What is expected
Nothing except the pictures should be left out when you reproduce the listing exactly.

Stored data
=== Section Start ===

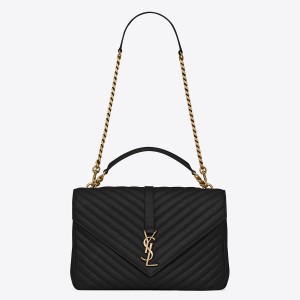 Saint Laurent College Large Chain Bag In Noir Goatskin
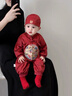 WVD國際品牌新中式喜慶連體衣爬服夏季男童滿(mǎn)月宴周歲宴禮服哈衣爬服大紅哈衣 大紅哈衣66 CM 曬單實(shí)拍圖
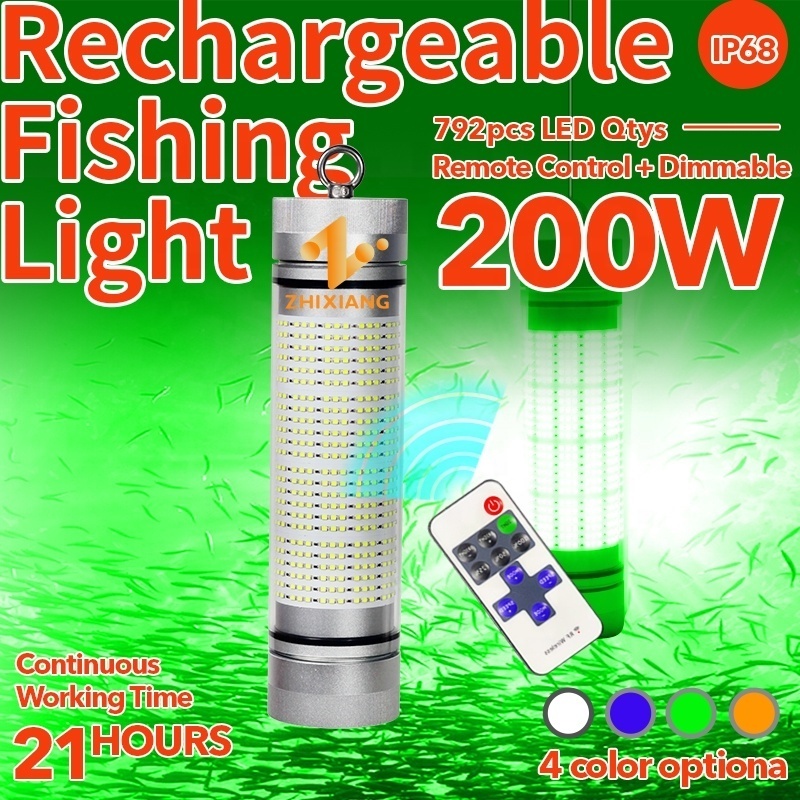 Auti-Collision IP68 100W 200W Rechargeable Fishing Light Underwater Fish Attractor led Lure Light with battery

=== Section End ===

Exercise answer
 Saint Laurent College Large Chain Bag In Noir Goatskin
 WVD國際品牌新中式喜慶連體衣爬服夏季男童滿(mǎn)月宴周歲宴禮服哈衣爬服大紅哈衣 大紅哈衣66 CM 曬單實(shí)拍圖
 Auti-Collision IP68 100W 200W Rechargeable Fishing Light Underwater Fish Attractor led Lure Light with battery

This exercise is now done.